The same pattern can be applied to service-enabled applications. As I noted in a previous post, messages and data entities will change from release to release according to the needs of the system (new features as well as changes and fixes to existing functionality). As long as all consumers of these classes are built and deployed simultaneously, all is good. Once that no longer applies, such as when another application is calling your service, then a versioning scheme becomes necessary.

While a full treatment of versioning is beyond the scope of this post, my preference is for a strict versioning scheme:

Strategy #1: The Strict Strategy (New Change, New Contract)

The simplest approach to Web service contract versioning is to require that a new version of a contract be issued whenever any kind of change is made to any part of the contract.

This is commonly implemented by changing the target namespace value of a WSDL definition (and possibly the XML Schema definition) every time a compatible or incompatible change is made to the WSDL, XML Schema, or WS-Policy content related to the contract. Namespaces are used for version identification instead of a version attribute because changing the namespace value automatically forces a change in all consumer programs that need to access the new version of the schema that defines the message types.

This “super-strict” approach is not really that practical, but it is the safest and sometimes warranted when there are legal implications to Web service contract modifications, such as when contracts are published for certain inter-organization data exchanges. Because both compatible and incompatible changes will result in a new contract version, this approach supports neither backwards or forwards compatibility.

Pros and Cons

The benefit of this strategy is that you have full control over the evolution of the service contract, and because backwards and forwards compatibility are intentionally disregarded, you do not need to concern yourself with the impact of any change in particular (because all changes effectively break the contract).

On the downside, by forcing a new namespace upon the contract with each change, you are guaranteeing that all existing service consumers will no longer be compatible with any new version of the contract. Consumers will only be able to continue communicating with the Web service while the old contract remains available alongside the new version or until the consumers themselves are updated to conform to the new contract.
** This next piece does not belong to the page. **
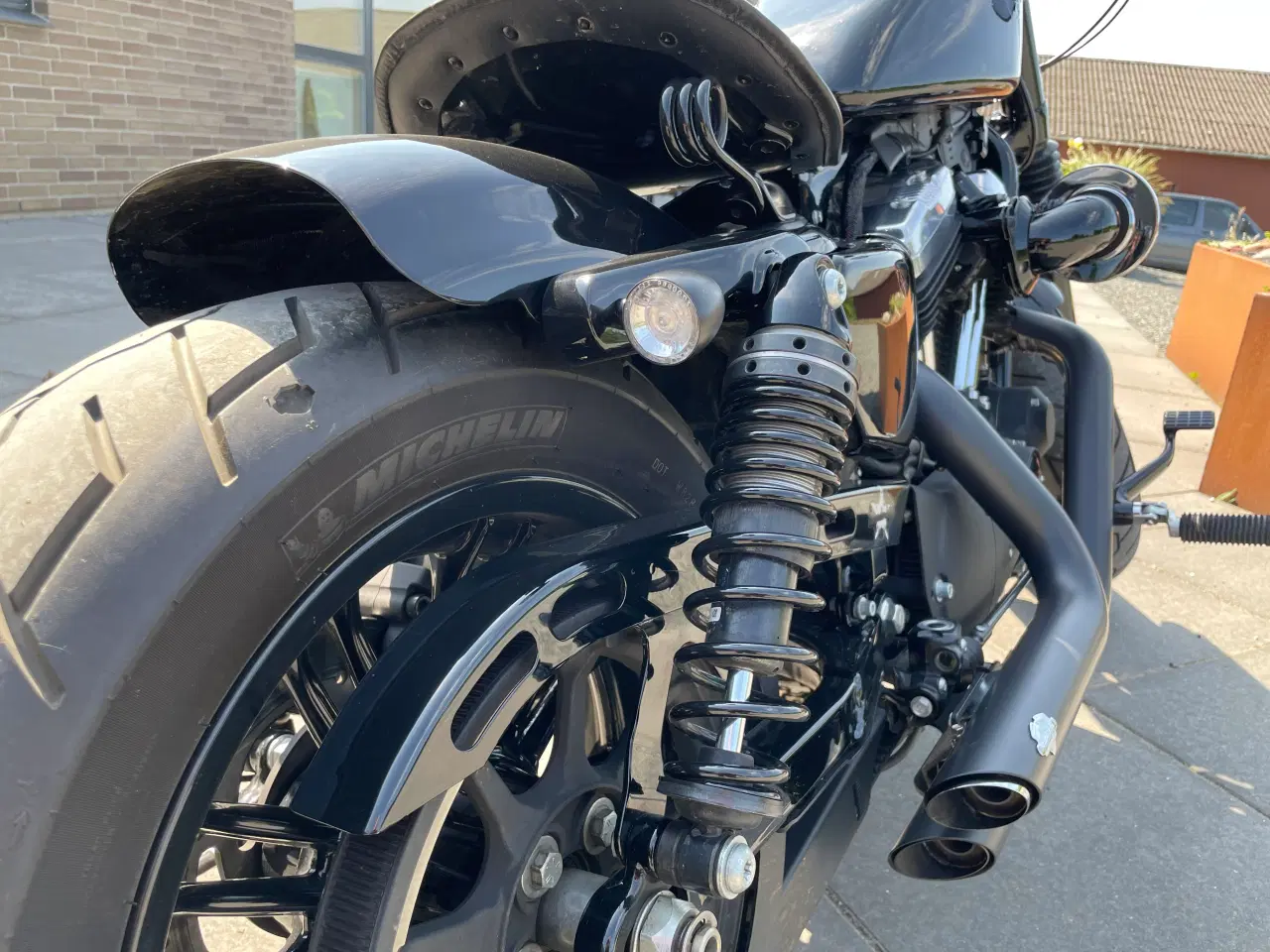 Billede 9 - Harley Davidson XL 1200 Forty Eight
Therefore, this approach will increase the governance burden of individual services and will require careful transitioning strategies. Having two or more versions of the same service co-exist at the same time can become a common requirement for which the supporting service inventory infrastructure needs to be prepared.

In short, my reasons for preferring the strict model is summed up by the words “safety” and “control” above. Once you have exposed a service, your ability to control its evolution becomes severely limited. Changes to the signature, if meaningful, either break older clients or introduce risk of semantic confusion. The only way around this is to have synchronized releases of both service and consumers. This is a painful process when the external consumer is developed in-house. It is doubly so when that consumer is developed by an entirely different organization. Using a strict approach decouples the service from the client. New functionality is added via new endpoints and clients, shielded from the change until ready, upgrade on their own schedule (within reason).

Using the Canonical Data Model, strictly versioned services can be set up as facades over the business layer for use by external applications (whether in-house or third party). Incoming requests are translated to the canonical (internal-only) format and responses are translated from the canonical format to that required by the endpoint. Internal-only services (such as those to support a Smart Client) can use the canonical format directly.

This architecture allows for preprocessing or post processing for external calls if needed. Individual versions of services, messages and data can be exposed, tracked, and ultimately retired in a controlled manner. The best part is that it provides these benefits while still supporting a unified business layer. This combination of both flexibility and uniformity makes for a robust design.